Esta manhã foi como qualquer outra. Preparei aveia para meu filho de 4 anos e saí para passear com nossos cachorros. Momentos corriqueiros e cotidianos como esses parecem insignificantes. Mas eles são vistos. Vivemos cada momento sob o olhar de Deus: “Os olhos do SENHOR estão em todo lugar, contemplando os maus e os bons” (Pv 15:3). Nada escapa à sua visão.
No entanto, Deus não apenas nos vê — Ele se deleita em nós.

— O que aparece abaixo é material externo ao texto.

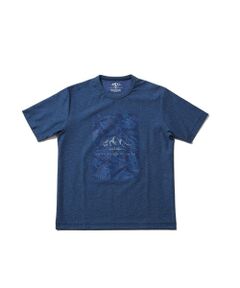 JOSEPH ABBOUD / ジョセフ アブード カットソー | 【UNISEX】スラブリーフプリント Tシャツ
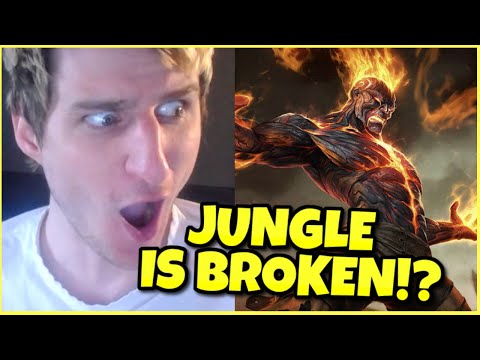 Wait.... is Brand a JUNGLER now? - League of Legends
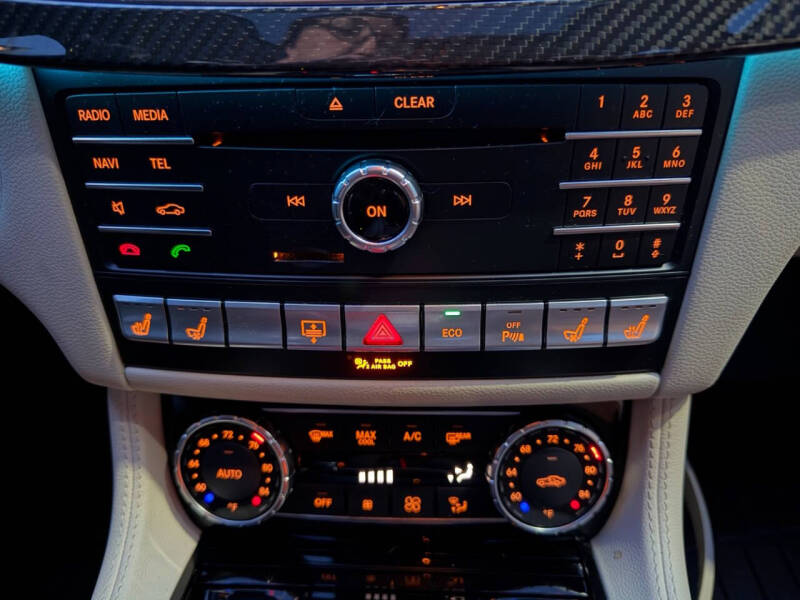 2017 Mercedes-Benz CLS AMG CLS 63 S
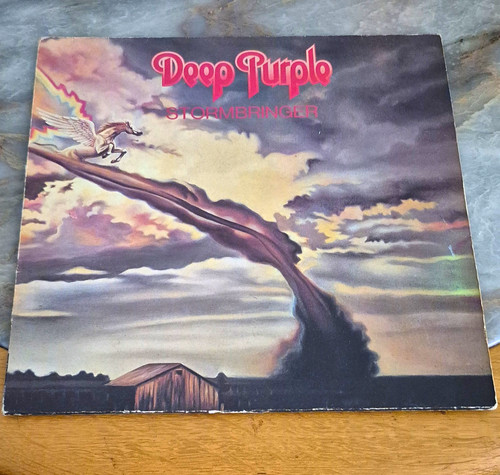 Deep purple stormbringer - deep,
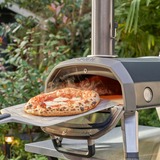 Ooni Karu 12G, Pizzaofen schwarz/edelstahl, Multi-Brennstoff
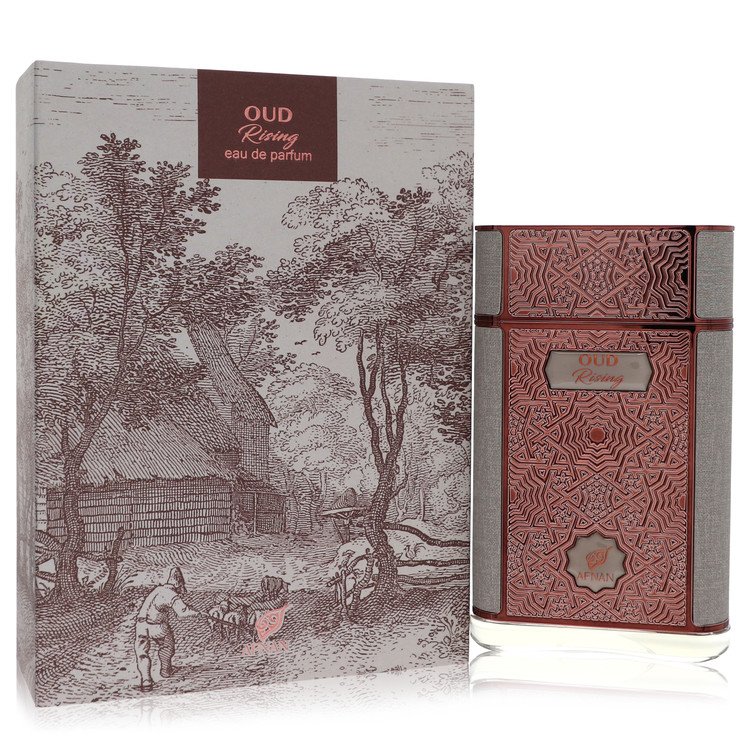 Afnan Oud Rising by Afnan packaging box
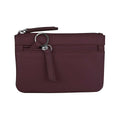 ili New York Women's Coin Holder with Key Ring
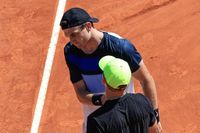 Alejandro Davidovich Fokina apologises for what he did in win over Jack Draper at the Monte Carlo Masters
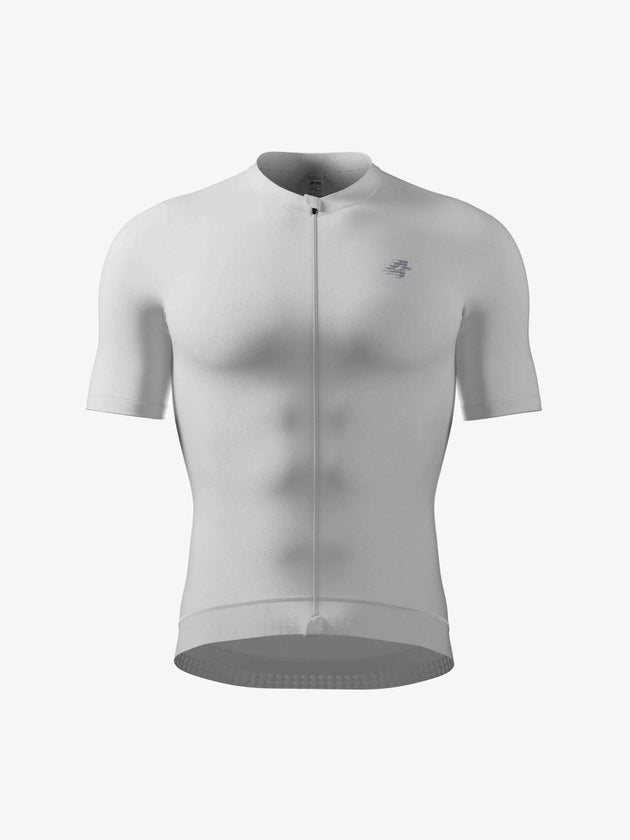 Flutter Men Cycling Jersey - White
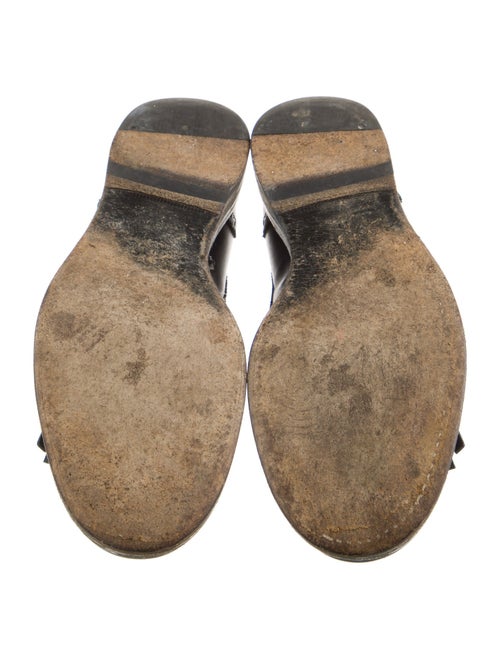 Gucci Leather Brogues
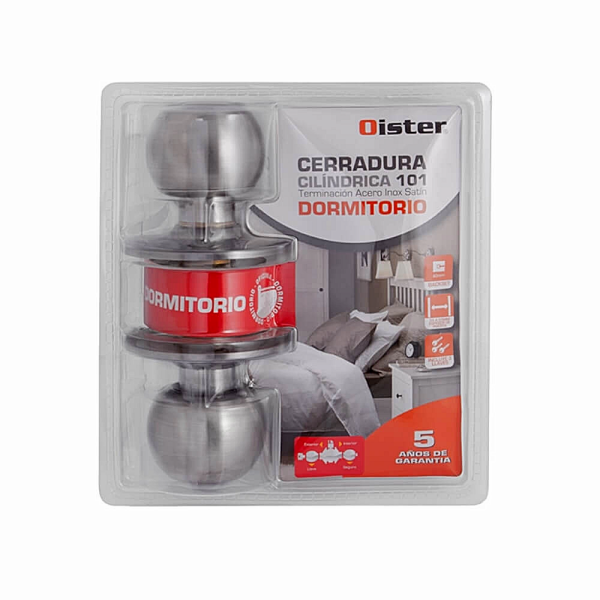 CERRADURA POMO DORMITORIO OISTER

As Escrituras incluem versículos surpreendentes sobre o deleite estético que Deus tem pelo seu povo. C. S. Lewis capta essa maravilha: “Agradar a Deus… ser um verdadeiro ingrediente na felicidade divina… ser amado por Deus, não apenas ser objeto de piedade, mas motivo de deleite, como um artista se deleita em sua obra ou em um filho — parece impossível, um peso ou fardo de glória que nossos pensamentos mal conseguem suportar. Mas é assim.”
Quando as pessoas reagem à estética de algo que veem, seja com deleite ou repulsa, isso as transforma. Mas Deus não muda em resposta ao que vê. Outra maneira de dizer isso é afirmar que Deus é imutável e impassível. Ainda assim, a criação e as pessoas trazem verdadeiro deleite a Deus. Deus se deleita no bom, no verdadeiro e no belo; Ele odeia o mal e a falsidade. Contemplemos sobre como os cristãos trazem verdadeiro deleite a um Deus infinitamente feliz, com base na união com Cristo.
O Deleite de Deus na Criação
O deleite estético de Deus na criação é apresentado na primeira página das Escrituras. Em Gênesis 1, Deus cria e molda o cosmos por meio de sua Palavra e Espírito. Seis vezes, ao final de cada dia, somos informados sobre o prazer de Deus por sua obra ser boa e bela.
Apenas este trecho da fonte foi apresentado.